[Start of Attachment]

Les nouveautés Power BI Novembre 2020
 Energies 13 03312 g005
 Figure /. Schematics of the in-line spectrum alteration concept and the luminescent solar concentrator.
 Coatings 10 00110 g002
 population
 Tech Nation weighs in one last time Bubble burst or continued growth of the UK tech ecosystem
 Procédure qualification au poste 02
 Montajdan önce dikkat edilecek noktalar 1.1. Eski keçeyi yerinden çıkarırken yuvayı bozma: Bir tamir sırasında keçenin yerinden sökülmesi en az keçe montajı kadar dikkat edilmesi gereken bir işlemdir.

[End of Attachment]

Exercise goal: Transcribe exactly, and only, the lines from the one with "Energies 13 03312 g005" through the last line of the data.

Reply:
 Energies 13 03312 g005
 Figure /. Schematics of the in-line spectrum alteration concept and the luminescent solar concentrator.
 Coatings 10 00110 g002
 population
 Tech Nation weighs in one last time Bubble burst or continued growth of the UK tech ecosystem
 Procédure qualification au poste 02
 Montajdan önce dikkat edilecek noktalar 1.1. Eski keçeyi yerinden çıkarırken yuvayı bozma: Bir tamir sırasında keçenin yerinden sökülmesi en az keçe montajı kadar dikkat edilmesi gereken bir işlemdir.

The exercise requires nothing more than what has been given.